L’atelier de mon père, peintre décorateur, était au bout du jardin.
Il m’installait un chevalet, un tabouret, me donnait un pinceau, me préparait des couleurs.
Commençait alors, l’immersion totale. Il n’y avait plus moi, seulement la trace, les traces qui se modifiaient sur le fond blanc.
Le plaisir d’appliquer sur le support cette matière, dont la densité et les couleurs se transformaient sous mon geste.

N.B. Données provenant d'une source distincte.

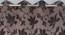 Zephyr Door Curtains Set of 2 (Brown, 112 x 213 cm  (44" x 84") Curtain Size) by Urban Ladder - Design 1 Side View - 390122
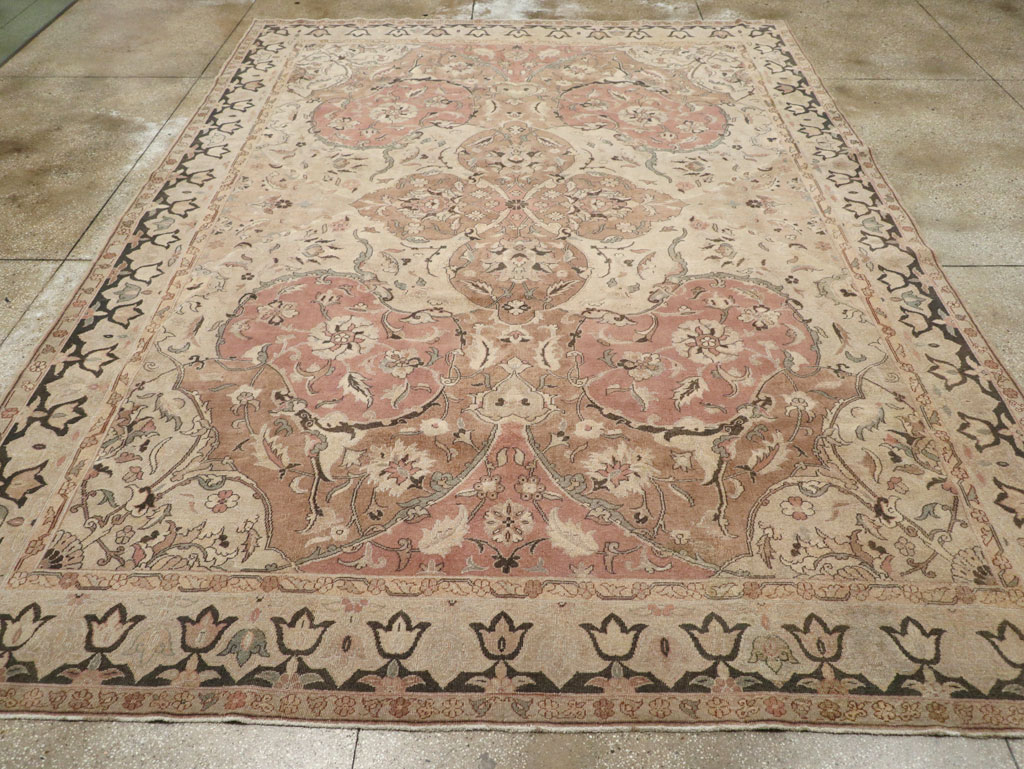Vintage Indian Lahore Room Size Carpet, No.22965 - Gss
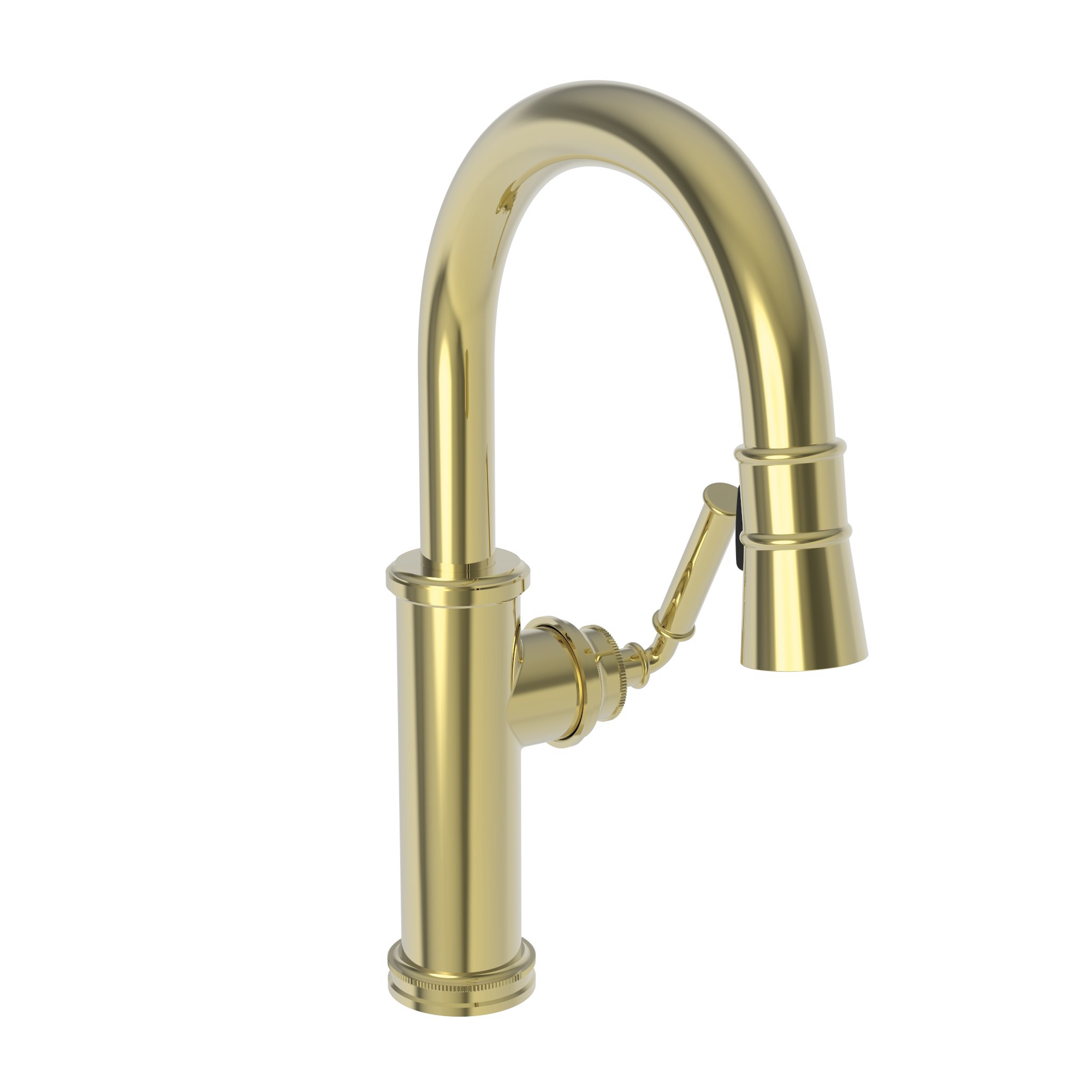 Newport Brass Taft 1.8 GPM Single Hole Pull Down Bar & Prep Faucet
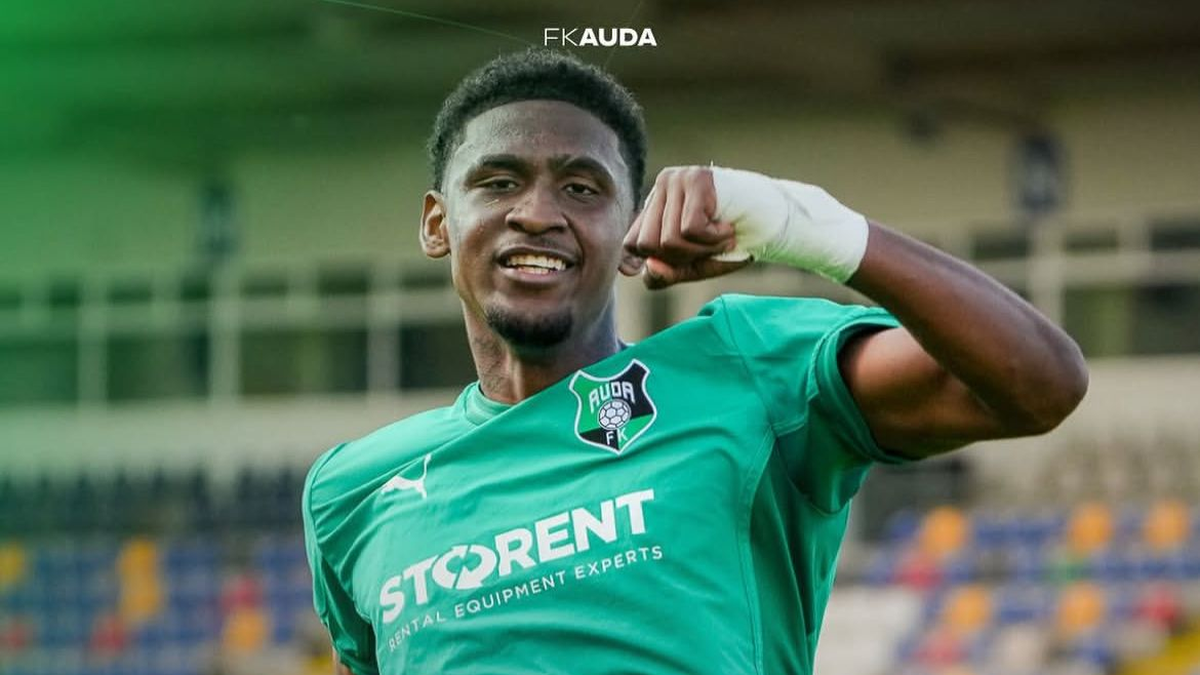 Josué Vergara anotó doblete con el FK Auda de Letonia Josué Vergara anotó doblete con el FK Auda de Letonia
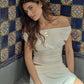 FARRAH RUCHED MAXI SKIRT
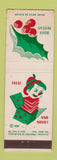 Matchbook Cover - Boas Festas Feliz Ano Novo Christmas Pinocchio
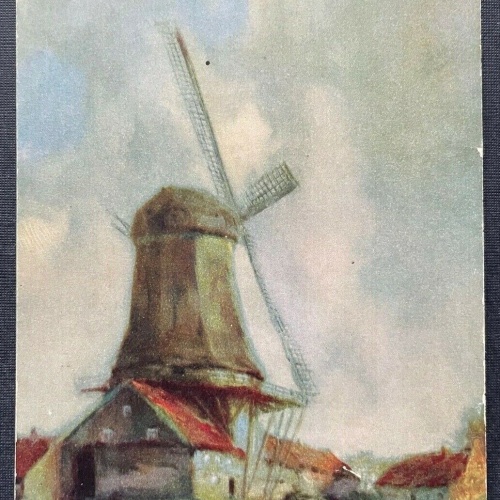 Windmühle Gebäude Haus Flügeln Landschaft 400303 TH A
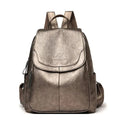 Diebstahlsicherer Lederucksack Damen | Rucksack für Reisen und Alltag
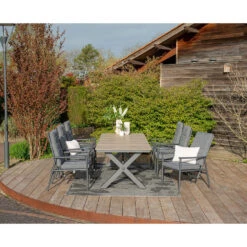 Garden Impressions Jerone Tuinstoel Verstelbaar - Donker Grijs -Meubelwinkel 1000088270 0102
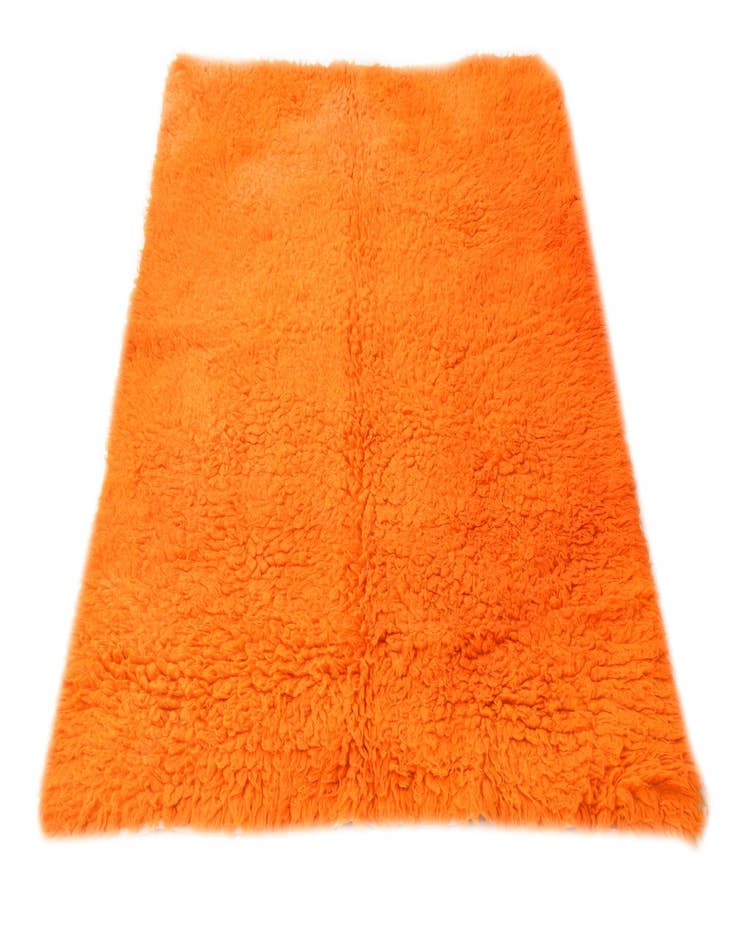 Detail image of  4' 3 x 5' 9  Hand Knotted Moroccan Wool Rug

Et puis vinrent les apprentissages. Mon père m’apprit tout ce qu’il savait. Je résistais comme je pouvais à ce qui me semblait restreindre mon champ d’expérimentation.
J’ai appris pour faire plaisir, pour faire comme lui, mais l’insatisfaction a grandi avec la perte de ce contact intérieur.
Plus il m’apprenait des techniques, plus je perdais cette sensation de plénitude ressentie dans la petite enfance.
Je me disciplinais, je me conformais à ce qui semblait être les normes du savoir faire figuratif.
J’appris les règles, mais n’autorisais plus l’expression de ce qui bouillonnait à l’intérieur de moi, comme quelque chose d’interdit, d’inexprimable.
Je devins peintre décoratrice, un certain savoir faire, le plaisir du travail « bien fait ».
Je finis par ne plus peindre.
La vie me proposa d’autres horizons professionnels où je cherchai toujours cette sensation de plaisir global dans lequel je disparaissais.
Le rôle d’interface entre les artistes et les publics combla d’une certaine manière ce manque pendant de nombreuses années.
Je devins mère aussi. Le processus créatif de la grossesse me reconnecta avec la peinture. Le figuratif me renvoyait cependant à ce sentiment d’insatisfaction qui m’avait fait lâcher les pinceaux.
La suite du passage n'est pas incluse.